The Pension Protection Act, which became law in August 2006, was the most sweeping rewrite of U.S. retirement law since the Employee Retirement Income Security Act of 1974.
The law sped up how quickly companies must amortize deficits to their defined benefit plans and required at-risk plans to make additional contributions.
Later, in December 2006, the adoption of Financial Accounting Statement 158 moved pension plan liabilities to the corporate balance sheet from financial statement notes.
That move transformed how U.S. corporations with defined benefit plans perceived the liabilities they held and accelerated the pace at which large-profile companies froze the accruals of their DB plans.

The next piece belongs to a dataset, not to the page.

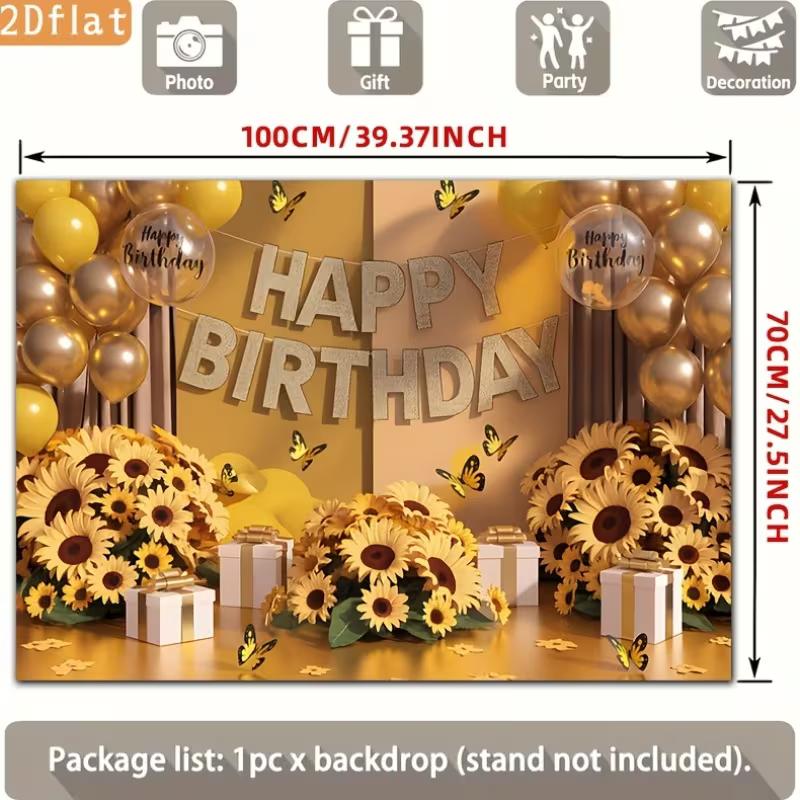 2D Birthday Photography Backdrop Yellow Background with Sunflowers, Butterflies and Balloons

And while the PPA and FAS 158 were intended to deal with underfunding, whatever crisis the tech bubble of 2000 created was far overshadowed by the 2008 financial crisis. “Much of corporate America (witnessed) what the downside risk of pension and liabilities can look like,” said Joseph Nankof, founder and partner at Rocaton Investment Advisors LLC, Norwalk, Conn.
Liability-driven investing first emerged in Europe in 2005 after the International Accounting Standards Board, London, amended its Rule 19, effectively banning the practice of actuarial smoothing — deferring gains and losses from one year to the next — by European pension plans.
LDI strategies, which use a glidepath to slowly increase the allocation to long-duration fixed-income assets as the funding ratio of a pension plan improves, were embraced several years later by U.S. plans that faced yet another pension funding quandary following the -37% return for the S&P 500 index in 2008 that resulted in more corporations closing and freezing their traditional defined benefit plans.
Reducing the risk, however, still would not do away with the administrative cost of maintaining even a hibernating defined benefit plan.
The final hurdle for many companies to enable them to scuttle risk entirely was the final phase of the PPA, which took effect on Jan. 1, 2012.
That final phase brought in new corporate bond rates to replace 30-year Treasuries, the spread between which was generally 125 to 150 basis points, to determine the size of lump-sum payments.